Perfectly worded, Anna! I've also thought about how ridiculous the "quality" time hoax is!!!!

I know if my husband was to come home and say "Honey, I'm not going to be spending as much time with you as I have been, but don't worry, the time we have together will be QUALITY time!" I'd feel so jipped. :(

Quality = Quantity in my book!!!

I'm going to link to this post from my blog. :)

www.homesteadblogger.com/Jonash2004

Lillian the Ponderer said...

I always laugh when I hear the term "quality time", what does that mean? Does spending "quantity time" with your loved ones mean that there is no quality in it? Honestly it is such a lie, quality versus quantity, might work when we are talking about clothes and other belongings, but when we are talking about humans, ALL time is precious and I for one hate to waste the time I have for my loved ones by being away from them.
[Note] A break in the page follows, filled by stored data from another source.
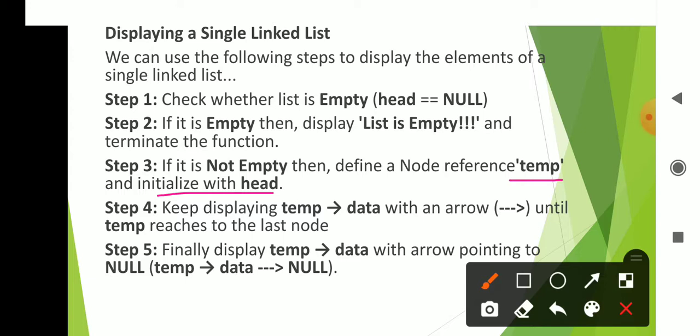Temp is initialized with head. Head stores the address of the first node, so temp will point to the first node. We initialize temp with head, and temp is now pointing to the first node.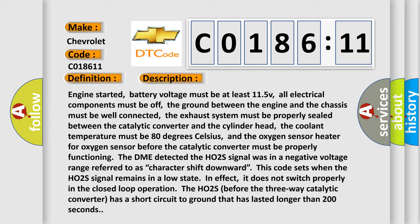and the oxygen sensor heater for oxygen sensor before the catalytic converter must be properly functioning. The DME detected the HO2S signal was in a negative voltage range referred to as character shift downward.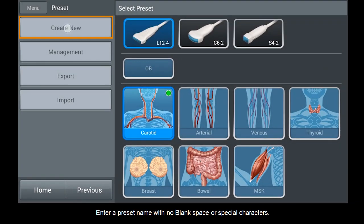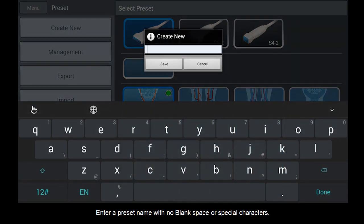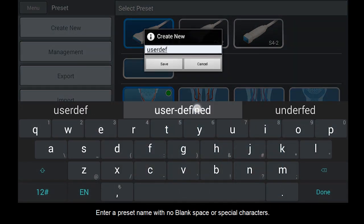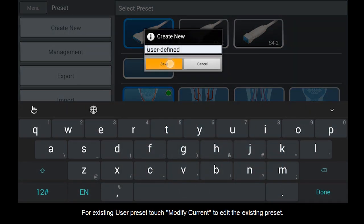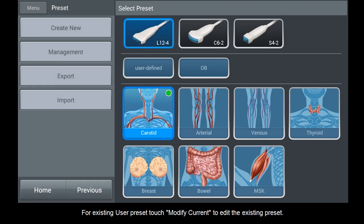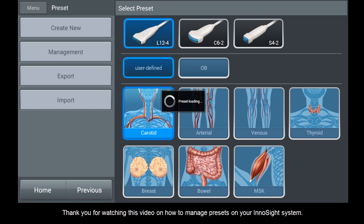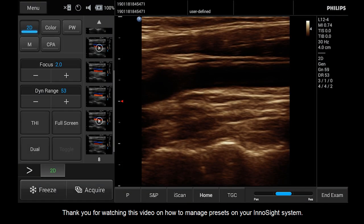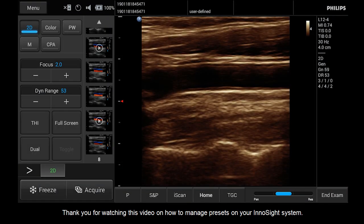Enter a preset name with no blank spaces or special characters. For an existing user preset, touch Modify Current to edit the existing preset. Thank you for watching this video on how to manage presets on your InnoSight system.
Good post, keep up the good work and stay true to your convictions Anna.

Karen said...

Thank you Rebekah! I will pray that he changes his mind...I don't know why prayer is sometimes the last thing we think of when it should be first! I also agree that verse applies that a woman can change a man's mind by her right and submissive behavior. That is definitely an area I need to work on! I think perhaps my husband would not be so inclined to favor private school over homeschool if he could saw me doing well at it. My eldest is only 3 right now so I don't like to push her, but hopefully in the future we can do more with that and show him how nice homeschooling can be!

Anonymous said...

A previous anonymous blogger stated that "quality time" was a joke. Yes, the fact that one would "plan" quality time IS a joke. You can never be assured that the activity you have "scheduled in" is going to result in quality time. I am a firm believer that "quality time" comes as a fruit of the quantity time that I spend with my family.
It comes as we go about our day and relate to one another as the day progresses, through all the mundane and repetitive activities that fill our busy days. How blessed I am to be able to answer those questions or help a child deal with a difficult situation or address relational issues as they come up...because I am around to do so. In my home is where my children learn to relate lovingly and compassionaltely with one another first, and then they can take that knowledge outside of our home to the neighbors and to the children at church, etc.
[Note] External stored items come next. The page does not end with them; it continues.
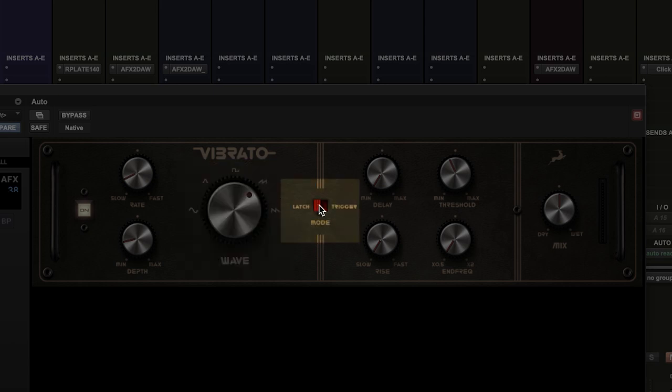We can then flick between latch or trigger modes. Think of latch as a fixed effect — if there's an input signal, the effect is being applied. In trigger mode we can tailor the way the effect is triggered by the incoming signal, so maybe lower volume notes that fall below the threshold are not affected. This can be very cool, making the effect ebb and flow with the passage or sequence being played.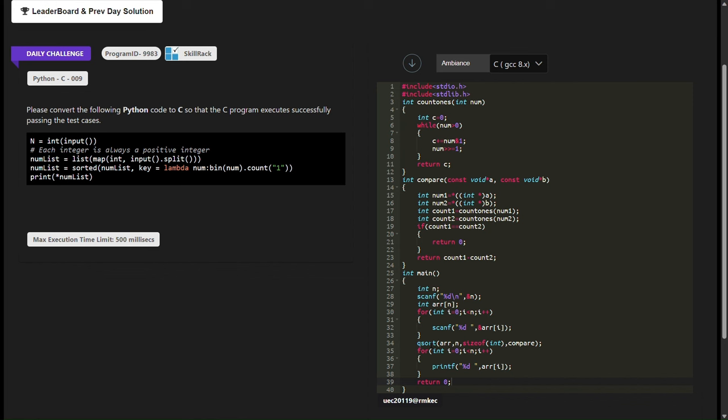This guides the sorting algorithm to arrange elements based on their count of set bits. Moving on to the main function, it begins by reading the number of integers to be sorted, n, and an array number_list to store these integers. A loop reads n integers from standard input and stores them in the number_list array.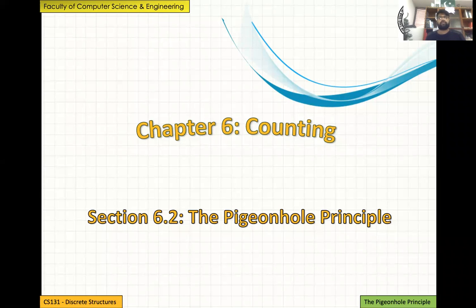Bismillahirrahmanirrahim. Assalamu alaikum, dear students. Welcome to the second class on chapter six, Counting, in the Discrete Structures CS131 course at GIK Institute, held at the Faculty of Computer Science and Engineering. In this section, we'll be talking about the pigeonhole principle.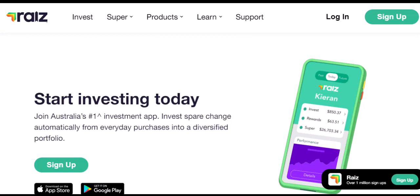Hey everyone, and welcome back to the channel. Have you ever signed up for a service with good intentions, only to realize later it's draining your account? Maybe you got swept up in the excitement of automated investing with RayEyes, but now you find yourself wondering, how do I stop RayEyes from taking my money?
I spent 5 years in college obtaining my degree, worked 6 years full time in a great profession before meeting my husband. As soon as we had our first child, my work schedule was drastically cut, then after our second, I all but quit. We have had 2 more since then. There have been times of struggle financially, but we have never regretted our decision for me to stay home, and have never looked back. I look forward to spending quantity time with my family everyday, out of which will come that coveted and elusive, even hard won, "quality" time.